Your assignment:
Start at the line below containing "明王院(満願寺別院)の自然" and stop at the line containing "White Sage &". Repeat every line of that stretch exactly, and nothing outside it.

+++++

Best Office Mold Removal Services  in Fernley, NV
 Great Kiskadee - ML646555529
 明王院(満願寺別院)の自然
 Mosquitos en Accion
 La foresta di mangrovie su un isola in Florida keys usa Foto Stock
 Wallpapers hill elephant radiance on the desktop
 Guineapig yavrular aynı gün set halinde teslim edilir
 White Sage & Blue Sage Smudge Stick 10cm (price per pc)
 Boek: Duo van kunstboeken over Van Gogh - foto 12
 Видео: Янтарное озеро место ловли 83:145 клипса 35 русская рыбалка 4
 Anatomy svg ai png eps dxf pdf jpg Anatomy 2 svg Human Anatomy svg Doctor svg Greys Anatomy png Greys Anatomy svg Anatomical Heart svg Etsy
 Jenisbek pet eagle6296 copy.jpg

+++++

Finished exercise:
 明王院(満願寺別院)の自然
 Mosquitos en Accion
 La foresta di mangrovie su un isola in Florida keys usa Foto Stock
 Wallpapers hill elephant radiance on the desktop
 Guineapig yavrular aynı gün set halinde teslim edilir
 White Sage & Blue Sage Smudge Stick 10cm (price per pc)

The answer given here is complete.